Swanton’s acting is not necessarily naturalistic, but nor is meant to be. His Fagin is over-the-top, the narrator almost as dramatic, but Oliver Twist is such an improbable novel to start with it does not really matter, his caricatured versions of the characters chiming with the exaggerated tone of much of the book. His eyes are surrounded by black makeup, like a classic mime artist, and indeed, the lack of scenery means that mime is used frequently throughout the play. The open space means that Swanton can spend his time dashing across the stage, moving chairs to conjure up docks and pubs, filling up the space with sheer physical energy. He is almost constantly moving, the level of vigour consistent throughout, an impressive feat for a production that depends solely on him.

The theatricality at work in Sikes & Nancy is wonderful: black clothes mean that characters can be shrugged on and off easily without the bother of costumes, anything projected onto his simple attire, and when the splash of blood comes, it is all the more striking for being the only colour on stage.
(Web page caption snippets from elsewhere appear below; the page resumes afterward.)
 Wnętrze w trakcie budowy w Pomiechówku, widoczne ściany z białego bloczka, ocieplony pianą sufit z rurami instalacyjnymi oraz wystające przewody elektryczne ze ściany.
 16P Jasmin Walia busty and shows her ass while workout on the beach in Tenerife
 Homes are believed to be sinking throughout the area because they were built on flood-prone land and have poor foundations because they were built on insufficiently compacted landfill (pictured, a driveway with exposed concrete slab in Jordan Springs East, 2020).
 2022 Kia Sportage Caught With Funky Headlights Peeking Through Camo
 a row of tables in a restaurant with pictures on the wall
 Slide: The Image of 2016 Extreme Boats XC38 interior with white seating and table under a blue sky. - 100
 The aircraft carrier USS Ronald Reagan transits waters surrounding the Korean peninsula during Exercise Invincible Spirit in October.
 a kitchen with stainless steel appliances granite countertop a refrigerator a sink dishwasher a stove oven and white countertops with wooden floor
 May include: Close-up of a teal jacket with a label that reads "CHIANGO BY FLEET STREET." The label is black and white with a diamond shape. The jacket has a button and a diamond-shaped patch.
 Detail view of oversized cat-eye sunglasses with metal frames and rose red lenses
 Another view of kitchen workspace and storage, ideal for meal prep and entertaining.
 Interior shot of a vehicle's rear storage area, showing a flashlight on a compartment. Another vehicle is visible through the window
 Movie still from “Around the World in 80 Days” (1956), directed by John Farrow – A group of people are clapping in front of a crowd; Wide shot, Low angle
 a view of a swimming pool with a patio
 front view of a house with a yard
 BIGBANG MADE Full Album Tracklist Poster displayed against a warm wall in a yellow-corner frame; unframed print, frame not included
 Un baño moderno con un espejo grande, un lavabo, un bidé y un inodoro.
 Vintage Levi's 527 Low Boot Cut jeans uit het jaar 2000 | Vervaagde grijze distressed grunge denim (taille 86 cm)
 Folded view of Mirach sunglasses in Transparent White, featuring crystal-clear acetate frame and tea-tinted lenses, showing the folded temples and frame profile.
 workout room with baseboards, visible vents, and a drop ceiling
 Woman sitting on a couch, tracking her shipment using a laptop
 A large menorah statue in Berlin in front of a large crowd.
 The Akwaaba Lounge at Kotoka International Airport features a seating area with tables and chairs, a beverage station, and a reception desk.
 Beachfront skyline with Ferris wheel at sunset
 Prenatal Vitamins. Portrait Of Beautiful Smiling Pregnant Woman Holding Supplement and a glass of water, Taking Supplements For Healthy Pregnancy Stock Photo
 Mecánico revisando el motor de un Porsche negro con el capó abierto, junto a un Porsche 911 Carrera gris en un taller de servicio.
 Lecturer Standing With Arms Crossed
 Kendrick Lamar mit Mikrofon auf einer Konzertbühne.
The smoke pumped on stage increases at the climactic point, amping up the sense of the gothic, calling to mind the iconic fog that is so strongly associated with Dickensian London.

However, in a play where there is so much speech, the moments of silence are the ones that bring the most tension. This is especially the case in the lead up to Nancy’s murder, where Swanton verges on the too-hysterical. The vivid nature of Dickens’ descriptions of her body do not really need embellishment, and would be more effectively portrayed if Swanton stepped back for a moment and allowed the full horror of what has happened to sink in. The audience are not given an awful lot of time to process, and there is the risk of being so caught up in Sykes’ panicked shrieking that we become desensitised to the brutality of Nancy’s fate.

Despite this, the grisly deaths of the play are well done. After Nancy’s death Bill is almost constantly rubbing the blood over his hands, until both forearms are covered in it. Although he textually has washed the blood off himself, its continued presence creates a Macbeth-like sense of being stained and haunted by the guilt of what he is done, and by the end of the play he is a truly gruesome sight.

Although at times the intensity of his performance feels like too much, Swanton in Sikes & Nancy is a tour de force. There are moments where it is hard to believe there is only one man on stage – he is possessed by these characters, and through him the dingy dens and the criminals that inhabit them are brought to life. It is a testament to his acting that watching him bow at the end is somehow jarring, the man who has been impossible to pin down finally shaking of the world he has inhabited and returning, for now, to ours.